Students use an interactive tool to locate a supernova in a galaxy, and receive feedback when they have correctly identified the supernova. The plotting tool comes with graphing assists to help students accurately plot points and fit a line to their data.

The galaxy scrambler tool is designed to test students’ ideas about the homogeneity of the Universe, and to address student ideas that the Universe has a center, and that expansion rates can be different for different locations in the Universe.

In the "Reflect and Discuss" section, students are asked if the data from this investigation provide supporting evidence for the Big Bang Theory. This is an opportunity for class discussions, group whiteboarding, or creating concept maps or graphic organizers to interrelate the data and observations with theory. Students can demonstrate how data support the theory, as well as reveals areas of weakness.

An advanced option is described in the Ideas for Further Study section of this teacher guide.

Related Rubin Observatory Investigations

Students learn how to distinguish between two different types of supernovae in the Exploding Stars investigation, then use a Type Ia supernova light curve to calculate the distance to a galaxy.

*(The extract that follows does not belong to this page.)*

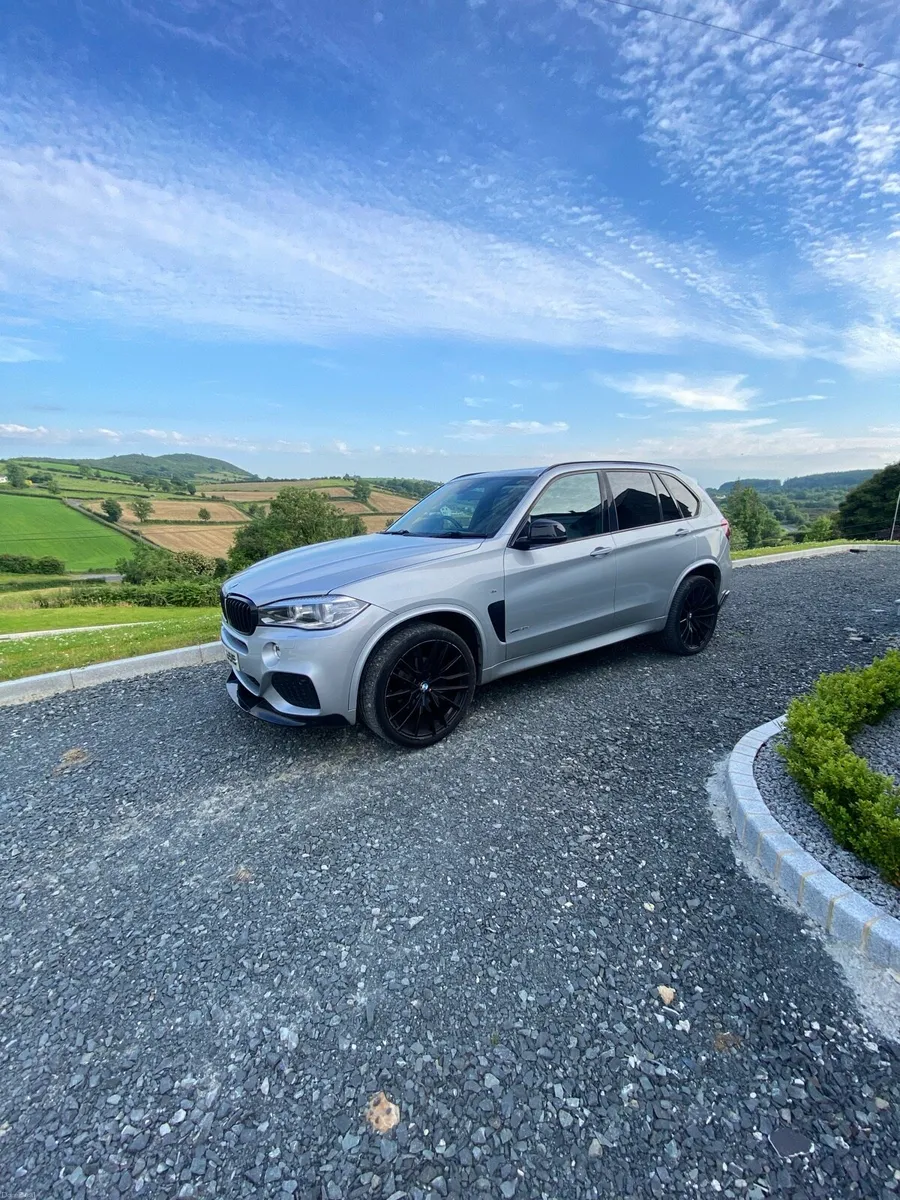 BMW X5 MSPORT - Image 1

In "Unlocking the Distances to Galaxies", students analyze light curves of Cepheid variable stars and use the period-luminosity relation to determine distances to galaxies.

In Exploring the Observable Universe students use the redshift and position of galaxies to explore how the large scale structure of the Universe has changed over time.

Ideas for Further Study

• Hubble’s original plot (shown on page 1 of the investigation) shows three points that have a velocity less than zero (a negative velocity). Ask students to reason what this means (they are blueshifting/approaching). What could that indicate about these galaxies’ positions in space?

• Examine the slope of the graph produced by the large volume of Rubin Observatory data. Where does the slope of the curve change? What time (years before present) does that translate to? Ask students to read about what astronomers think may have caused this change.

• Calculate the age of the Universe based on your determination of the value of the Hubble Constant (H). The units for the Hubble Constant are km/sec/Mpc. The age in years (t) is inversely related to the Hubble Constant: t = 1/H. Start by using your determined value for the Hubble Constant. First use dimensional analysis to convert megaparsecs (Mpc) to km and then cancel the units. Finally, convert seconds to years.